Львовяне, говорю без дураков: ваши парки, и особенно Стрыйский, — это национальное достояние, лучших ландшафтных парков я не видел по сю пору нигде! В 1940 году из Москвы прислали целую делегацию градостроителей изучать львовский опыт (бесполезно, не в коня корм), уже в “перестройку” японский сад в московском Ботаническом саду проектировали и обустраивали вместе с японскими специалистами львовские лесотехники (вышла забавная игрушка, и только).
Я слышал во Львове о местной “Рублевке” за Глинной Наварией; у своего друга в витражной мастерской “листал” в компьютере интерьеры нуворишей; продавщица замечательных колбас на рынке убеждала меня: “Видели бы вы, какие дома мы строим, на каких машинах ездим!” Но все это ровным счетом ничего не значит — потому что, когда каждый гребет только под себя, деньги не работают. Уже в московской муниципальной Украинской библиотеке (есть и такая) у меня допытывались по возвращении: деньги же есть, появились, как же это так — “не работают”?! Откройте просто и почитайте труд Адама Смита “О происхождении и причинах богатства народов”. Если человек диковат и не способен договариваться с себе подобными о совместных действиях, ему суждено быть бедным или, уж во всяком случае, жить в бедной стране, какие бы средства им при этом ни проживались. В этом причина, и не случайно основоположник политэкономии начинал с сочинений по этике (а мы будто вчера родились, смеялись, что зарплата у нас выдается унитазами и детскими игрушками, — да триста лет назад при Адаме Смите в Англии творилось то же самое! Но только триста лет назад).

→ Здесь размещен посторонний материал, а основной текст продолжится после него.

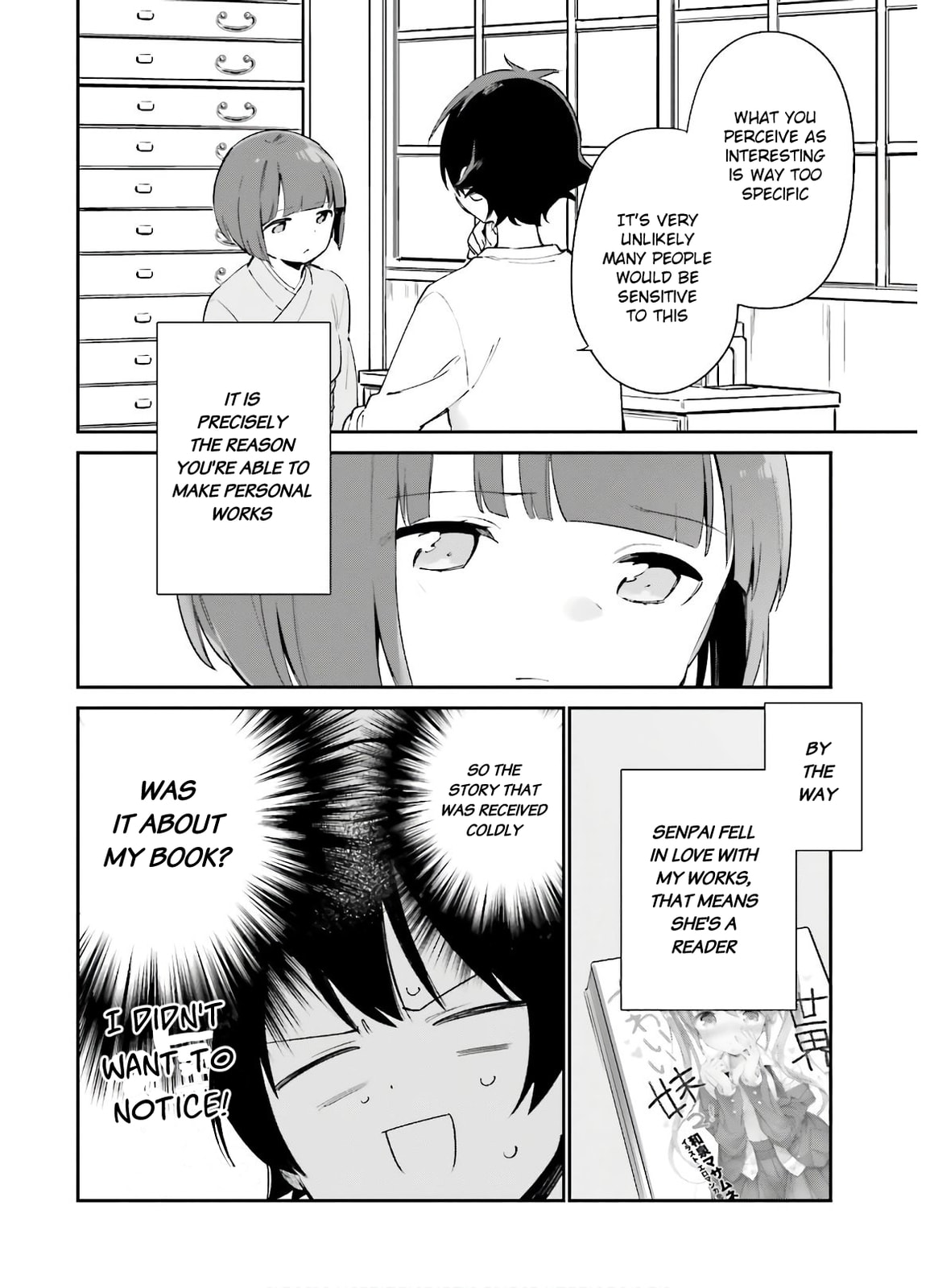 Read Eromanga Sensei chapter 71 image 7 on Lezhin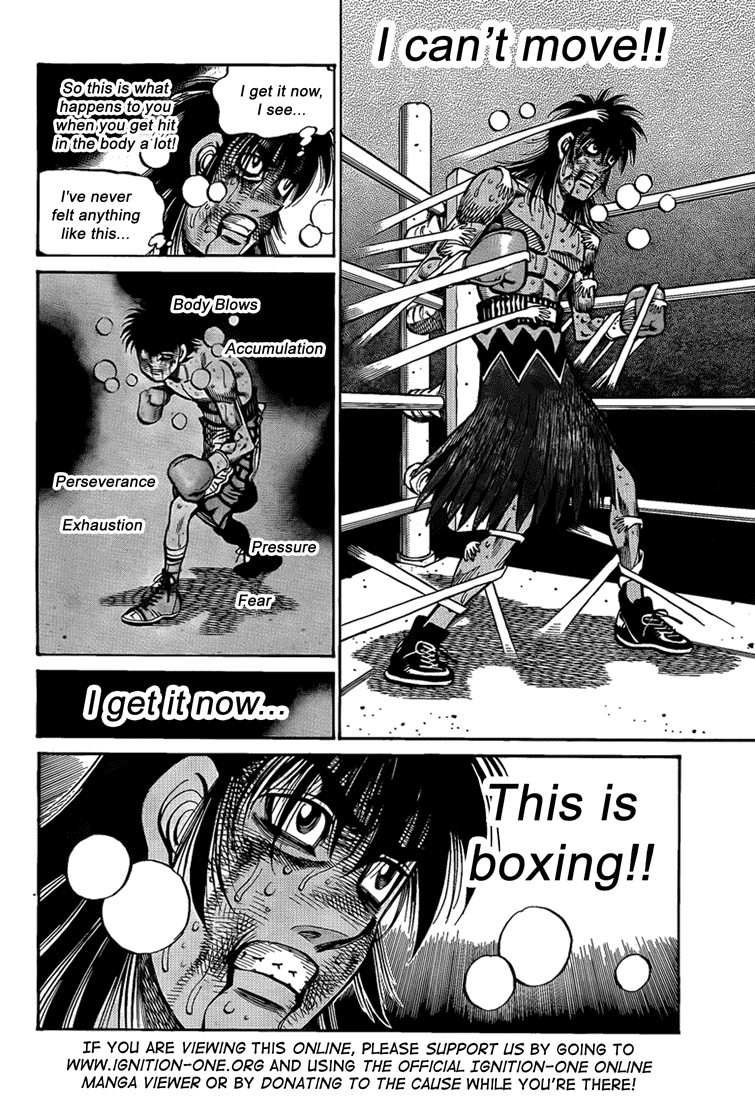 Hajime no Ippo Chapter 894 4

Вот и не удержался от поучений. Но в российской провинции дела обстоят, может, еще хуже! Но дело не в этом — я не привык относиться как к провинции к своему бывшему городу (а он принадлежал мне и моим друзьям, без различия национальностей, по праву молодости). Теперь вот привыкаю. Но это уже и не мое дело. Очередное поколение сходит со сцены, и каждое обречено умирать не в той стране и даже не в том городе, где с ним все происходило. Вспомните Бруно Шульца или хотя бы Уинстона Черчилля.
Я рассказал только то, что видел, чувствую, думаю. Остальное тоже уже не мое дело. Добавлю, что самое одиозное я опустил — всякое везде бывает.
Последнее дежавю приключилось во Львовском аэропорту, когда-то описанном мной в одном из рассказов. Здесь царили покой и запустение. Теперь это заведение для немногих состоятельных и неторопливых “белых людей”, в число которых я попал почти по недоразумению. Карикатурный дьюти-фри в зале бывшего ресторана на втором этаже, где разрешено курить после карикатурного досмотра, попивая кофе с “Мартелем” и с недоверием припоминая былые шумные застолья здесь же. Еще немного, и я въехал бы в титульную новеллу второй книги Шульца “Санаторий для усопших”, но пассажиров на Москву вовремя пригласили пройти на посадку.